My2Cent
Schreibe einen Kommentar

Bottled water – Or: The power of discourse (again)

Flipping through Garry Petersons´s blog on  Resilience Science I stumbled across the topic of bottled water. Watching “The story of bottled water” I felt a bit ashamed (yes I bought bottled water): Plastic made out of finite oil, waste tourism and the manipulation of society by economic interests:

After spending three minutes on a YouTube search I  felt better, when I found an environmentally sensitive spokesperson from Nestle, assuring me I did the right thing:

By the way, thanks Nestle for offering me water as “healthy alternative, with zero sugar, calories or caffeine”.

What astonishes me is the distance of just a few clicks between two very different discoursive positions and the space between them: the classical show off between eco- and business-talk. The heavy use of we-them narratives (le bien, le mal) to contrast oneself (good) with the opponent (bad) reminded me again of the power of frames produced in discourses:

„Framing is a way of selecting, organizing, interpreting, and making sense of a complex
reality to provide guideposts for knowing, analyzing, persuading and acting.”
(REIN und SCHÖN, 1993:146)

I think it would be interesting to analyze these two (maybe there are even more) discourses on how one makes sense out of bottled water. Especially how the opponents construct and legitimize their environmental stewardship, their different concepts of ‘source protection’ and how statistical data is used in these discourses.
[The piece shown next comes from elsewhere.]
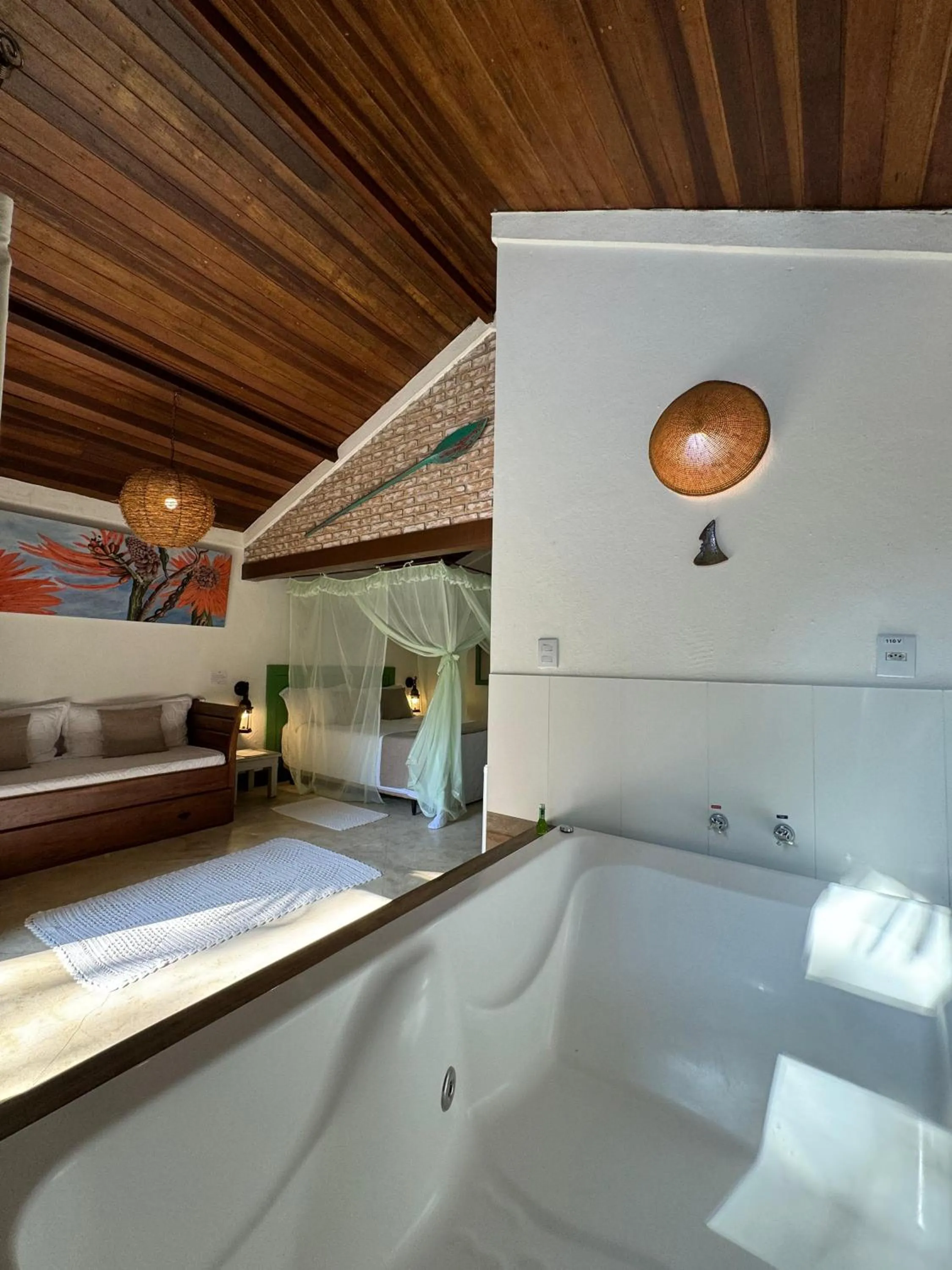 Bedroom in Pousada Bromélias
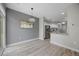 Open dining area with modern light fixture and adjacent to the kitchen with stainless steel appliances at 8307 S Garland Cir, Littleton, CO 80128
Maybe an interesting way to push the classical discourse analytical approach in this case would be to incorporate the idea of a “post-modern” form of participation introduced by Renn and Schweizer (2009). By doing so, the knowledge of discourses and frames could be utilized in workshops with stakeholders – maybe from the ‘the story of stuff project’ and Nestle (?) – for an attempt to collectively reframe bottled water. Another setup would be to implement this ‘post-modern’ form of participation within a certain community, be it a thematic or geographical one.

Trying to set the results of discourse analytical research in such participatory processes could also change the picture of the researcher. Here the researcher is not understood as a consultant for instrumental solutions for given problems. He or she should rather take the position of a facilitator to new perspective on the topic at hand. This can lead to the empowerment of stakeholders for new approaches and solutions. Or as Foucault put it:

“My role – and that is too emphatic a word – is to show people that they are much freer
than they feel, that people accept as truth, as evidence, some themes which have been
built up at a certain moment during history, and that this so-called evidence can be criticized
and destroyed.” (FOUCAULT and MARTIN, 1988:9)


###
p.s.: And congratulations to the inventors of the “eco-shaped bottle” 😉 I love this business-talk.